» INFORMATION PROVIDED:
=== Begin Enclosure ===
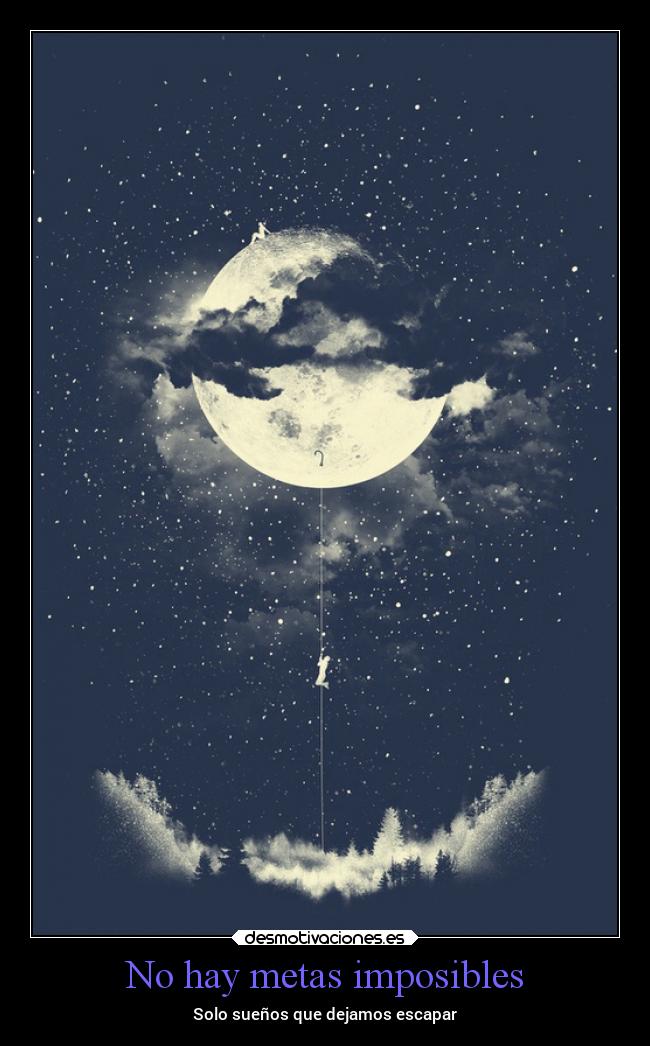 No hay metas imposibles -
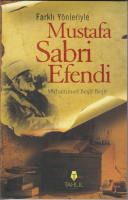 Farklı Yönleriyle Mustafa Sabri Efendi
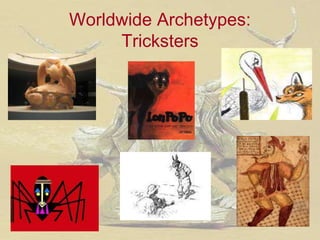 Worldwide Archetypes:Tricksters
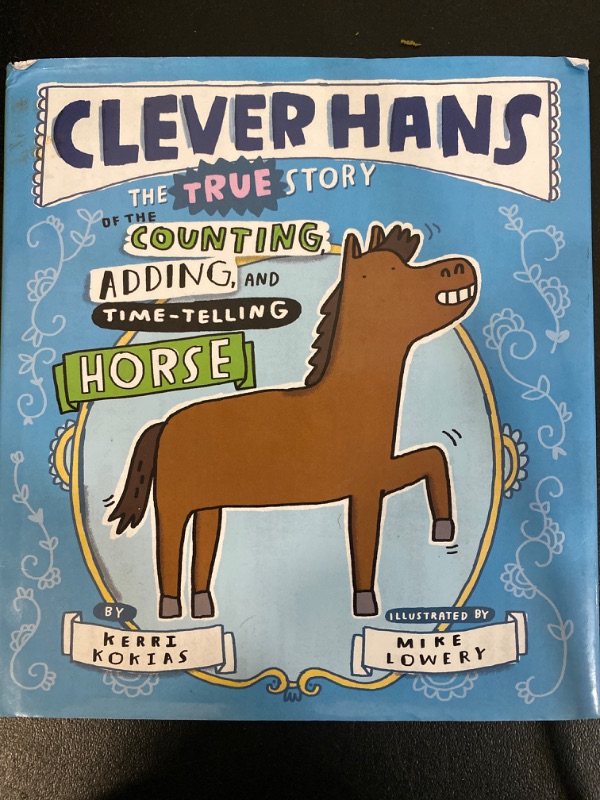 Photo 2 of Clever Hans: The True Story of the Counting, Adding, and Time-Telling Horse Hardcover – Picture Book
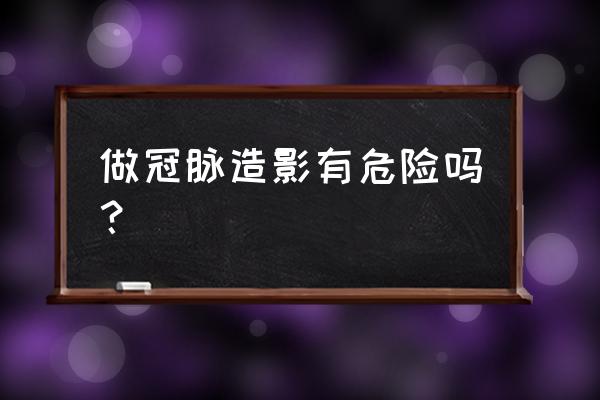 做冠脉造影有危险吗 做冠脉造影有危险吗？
=== End Enclosure ===
=== Begin Enclosure ===
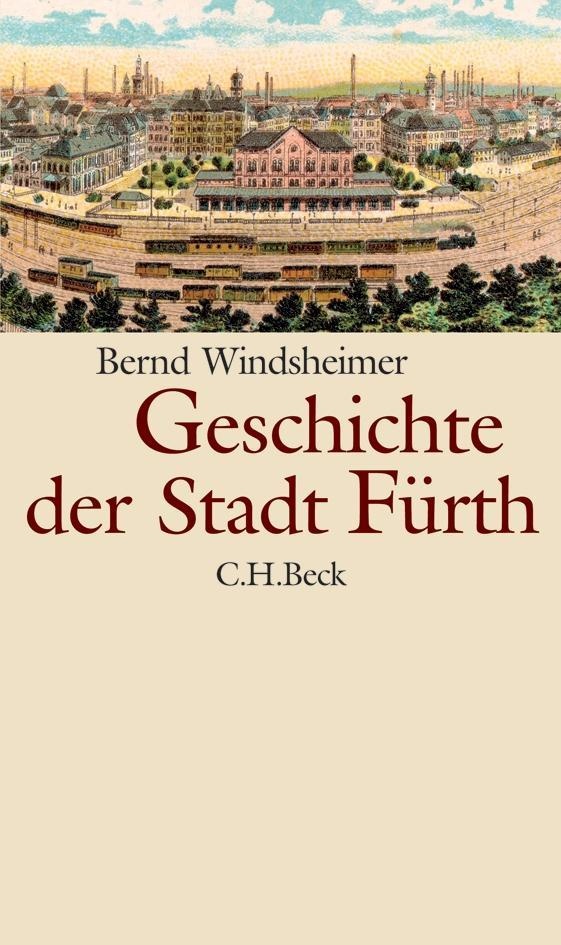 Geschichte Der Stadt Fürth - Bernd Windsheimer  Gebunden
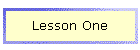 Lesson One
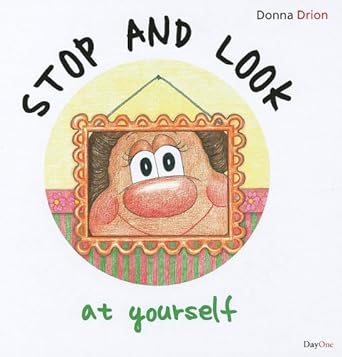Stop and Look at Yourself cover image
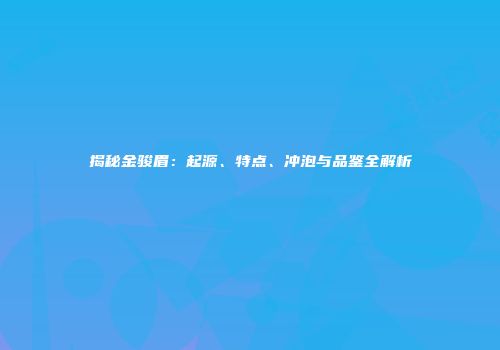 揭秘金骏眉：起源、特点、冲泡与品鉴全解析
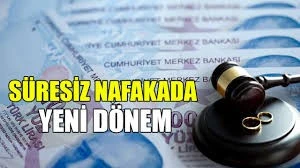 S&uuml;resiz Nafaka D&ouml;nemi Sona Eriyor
=== End Enclosure ===
» DIRECTIONS: Repeat exactly the lines above, from the line that contains "No hay metas" down through the line that contains "做冠脉造影有危险吗 做冠脉造影有危险吗？". Include both of those lines and none of the pictures.

» WORKED SOLUTION:
 No hay metas imposibles -
 Farklı Yönleriyle Mustafa Sabri Efendi
 Worldwide Archetypes:Tricksters
 Photo 2 of Clever Hans: The True Story of the Counting, Adding, and Time-Telling Horse Hardcover – Picture Book
 做冠脉造影有危险吗 做冠脉造影有危险吗？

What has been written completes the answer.